There is just one of urn A, and two urns B and C. This means the odds in favour of being handed urn A is 1:2.

Assuming you were handed urn A, the probability of picking up a red ball would be \(1/5 = 0.2\).

Assuming you were handed one of the other urns, the probability of picking up a red ball would be \((2 + 3)/10 = 1/2 = 0.5\).

Thus, the odds ratio is \(0.2/0.5 = 0.2 × 2 = 0.4\).

We multiply, and get posterior odds

\[1:2 × 0.4 =\] \[= 0.4 : 2 \approx\] \[\approx 0.5 : 2 =\] \[= 1: 4.\]

In other words, we went from a one-in-three chance of holding urn a to a one-in-five chance. Picking up a red ball was evidence against urn A. Specifically, it about halved our belief in holding urn A.

This is the essence of Bayesian hypothesis testing: each competing hypothesis (or parameter value) is a metaphysical urn and then we evaluate what effect the evidence has on our belief of drawing from each urn. The result is a posterior distribution over urns… or hypotheses.

If you have multiple pieces of independent observations, you can multiply their odds ratios together to get the strength of all the evidence combined. (If the observations are correlated, you have to work a bit harder.)

In other words, if in the taxi cab problem we had a second, similar eyewitness independently saying the same thing, the evidence of both combined would have an odds ratio of \(4×4 = 15\), resulting in posterior odds of 16:5, which means now we would think it three times more likely that the culprit was from the blue company rather than the green one.

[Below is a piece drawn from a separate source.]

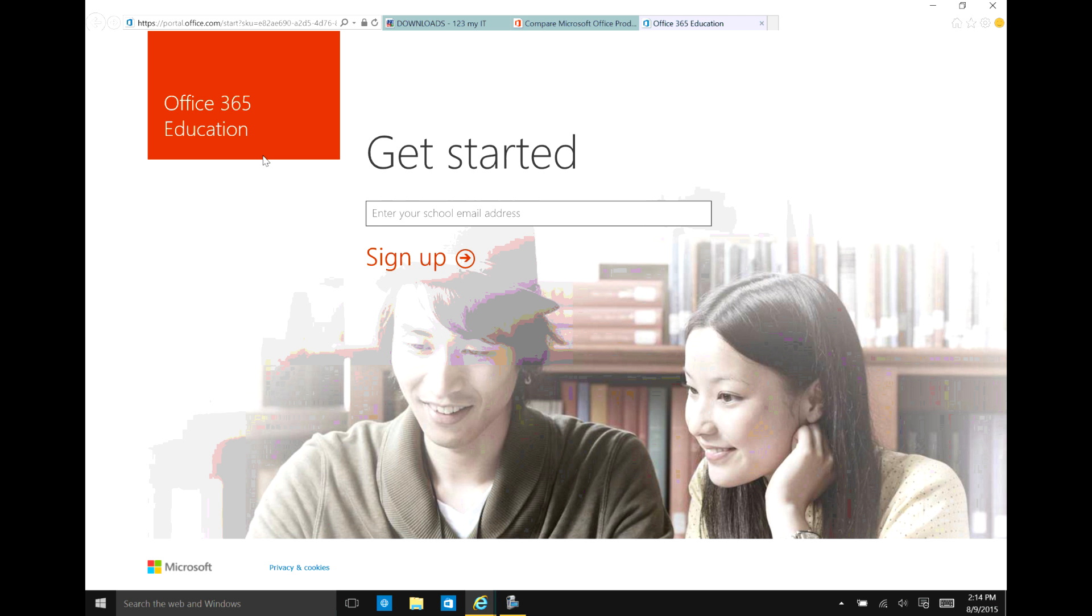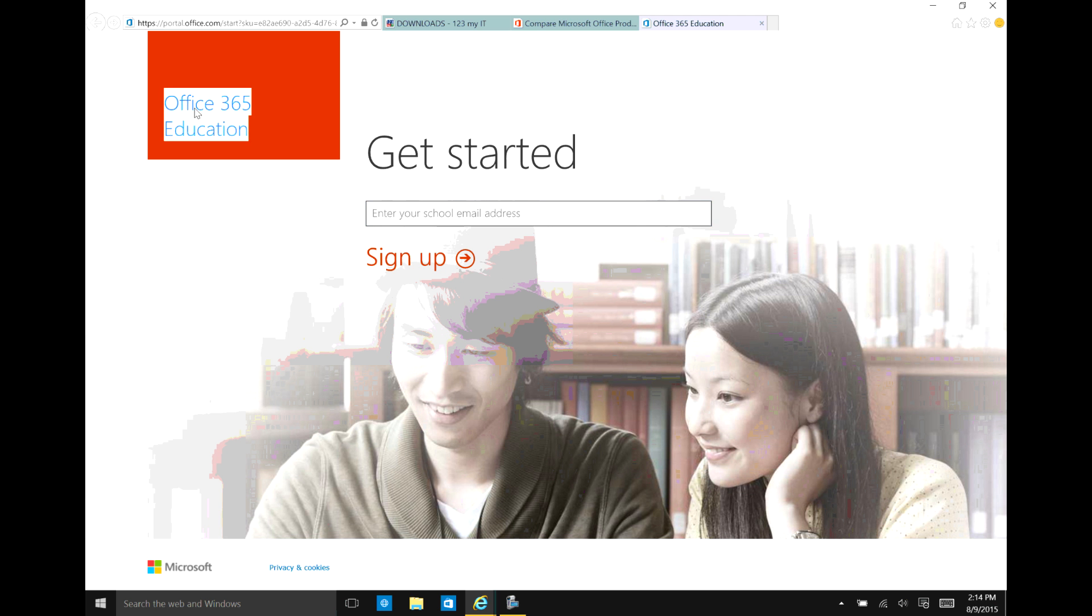And you can be a teacher or you can also be just a staff member with that school's email address. And you type it in here into the get started. You hit sign up. What it will do is it will send an email to your email address. You will then go to your email account, verify that email address. And then you will get a little pop up which will allow you to download Office 365.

This is, in fact, what I mean when I say that “the plural of anecdote is data”: there is no magic threshold at which observations become many enough to become significant. Evidence is nothing but small independent anecdotes whose odds ratios multiply together to become a large number.

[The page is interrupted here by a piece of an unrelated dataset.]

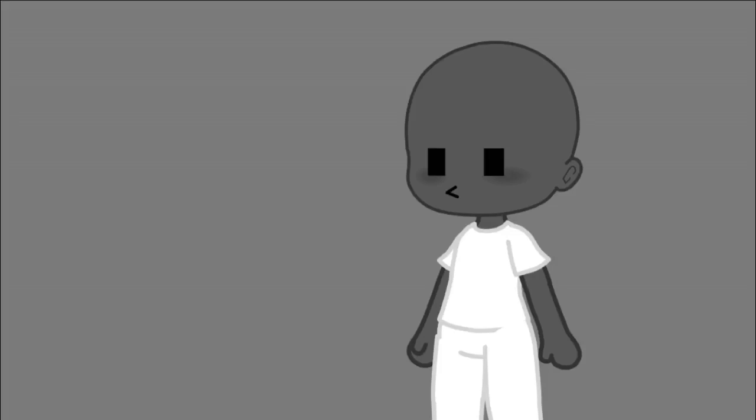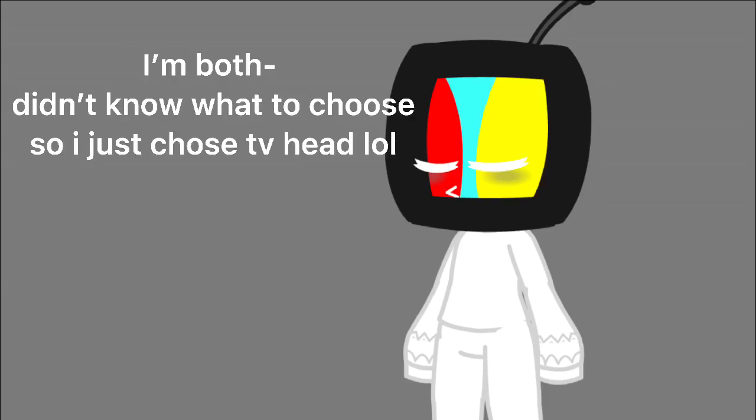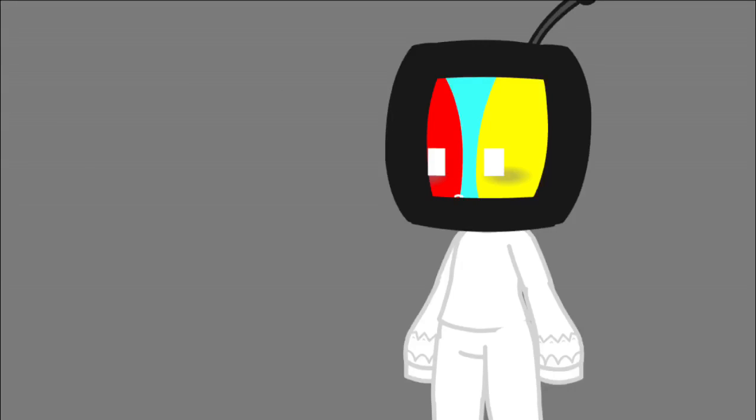If you are a night owl, make your character have an object head. For example, a TV head, teapot head, flower head, telephone head and more. If you are an early bird, give them an olive head.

In fact, whether you are talking about the product of multiple pieces of evidence, or just one observation, the odds ratio measures the strength of the evidence. A sensitivity of 80 % for the witness in the taxi cab problem might have sounded weak, but the odds ratio tells us that this single observation quadruples our belief in the blue company being guilty. That’s some strong evidence!

(This is even more natural when you work in log-odds instead of odds, because then you just sum together the strength of the evidence expressed in log-odds-difference. The problem is that we generally don’t have intuition for estimating and working with log-odds. This is something I want to practise but I haven’t gotten around to it yet.)

Sometimes it’s hard to estimate the probability of low probability events. For example, how likely do I think it is that it was snowing in Stockholm in the summer of last year? I have no idea.

If someone told me it did snow in Stockholm in the summer of last year, I might double my belief in it – but that doesn’t really help me estimate my prior. However, if six independent people told me the same thing, I might judge that snow a 50–50 event, or having odds of 1. So, going backwards, my prior odds must have been \(1/2^6 \approx 1/50 = 0.02\).

Low odds (roughly \(< 0.15\)) are easy to convert to probabilities because they’re basically the same number. So odds of 0.02 means a probability of 2 %.

Thus, I can conclude that my prior odds for snow the previous summer in Stockholm must have been 2 %. This is higher than I would have thought, but I also trust this number more than my gut reaction.